Animal rights people have so much to fight on behalf of those who cannot defend themselves that they don't have time to try to tell others in their movement what to do and how to do it. In addition, every movement, e.g. feminism, civil rights, etc. has its spectrum from radical to mainstream to conservative, using various tactics, in various arenas, and sometimes acts of civil disobedience have been what seem to have been an essential element of their progress.

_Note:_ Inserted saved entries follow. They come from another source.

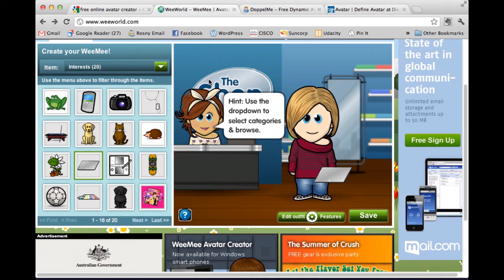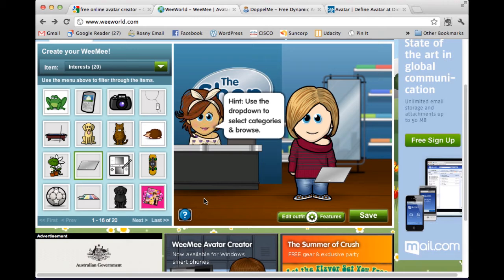Once I have a WeMe I'm happy with, I can go on and save, and that will force me to sign up. Now, there are so many different things on the web and they all want me to sign up, and I'm pretty sick of it. So I'm not actually going to sign up here — what I'm going to do is take a screenshot, a picture of what is on my screen.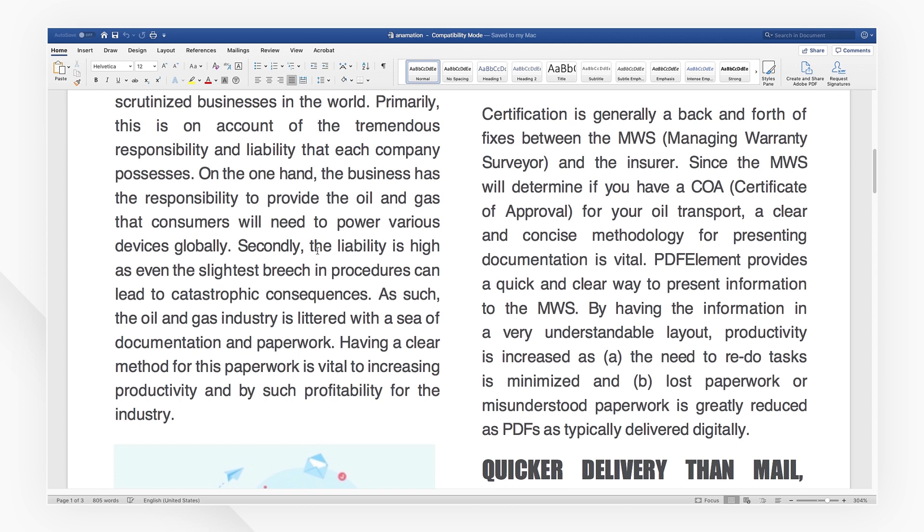Click the link in the description to try more powerful and professional features of PDF Element for free today, and thanks for watching.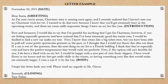Next we'll move on to the body of the letter: 'First and foremost, I would like to say that I'm grateful for anything that I get for Christmas. However, if you're feeling especially generous and have noticed that I've been extremely good this entire year, I would be thrilled to find a new car under my tree. Now, I know that seems like a big ticket item, but you've been able to pull off some pretty spectacular presents in the past, so I thought I would just throw this idea out there. If a car is out of the question, then the next thing on my list is a French Bulldog. I think they're especially cute and have the perfect temperament that would suit me perfectly. Now, if this option still isn't feasible for you, I do have a third wish on my list. I would be happy with a nice pair of fuzzy new slippers. I have wood floors in my house and my feet get really chilly in the winter, so having something cozy like that would make me extremely happy. I wear a size 6½ by the way.'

I agree that there would be some backlash if a researcher were killed, and I'm certainly not advocating that anyone be killed or injured, but not sure that it would entirely set the movement back; nor do I think the researcher would be worth going to prison, or even getting a death sentence, over, and that's what would happen. But stopping the use of animals in laboratories would, and breaking into a laboratory, exposing to the public what goes on there, saving any animal that could be saved, disrupting things, etc. would be worth the prison term for such property, etc. crimes; worst downside there for the animal rights movement and the animals is that the person courageous enough to do it is unavailable for a while. There would not be "cruelty-free" products if certain things had not been exposed to the public that involved tactics the companies did not welcome. Not too long ago, someone in my city had to go to jail for breaking into the egg factory of the local supermarket empire and getting photographs; many non-animal-rights people applauded him and protested his incarceration. Progress happens in small steps, but every act that brings attention to the need for more humanity has an impact, and the overall task is gargantuan.

Utilitarianism and the death culture not correspond to the animal rights movement. They grew out of the same things that the animal rights movement is fighting. The intention of the animal rights movement is not to lower the status of humans or to raise that of animals; it's not about status at all. It's about humanity and not doing things that are illogical because they end up being harmful to humans as well. How often have we heard, "Nice to helpless animals, children, and old ladies"? Goes along with respect for the disabled as well. Mention one, the others are all implied as well. That's why human exceptionalism, at least in the form in which it can be effective in fighting the death culture, and animal rights are NOT at odds with one another.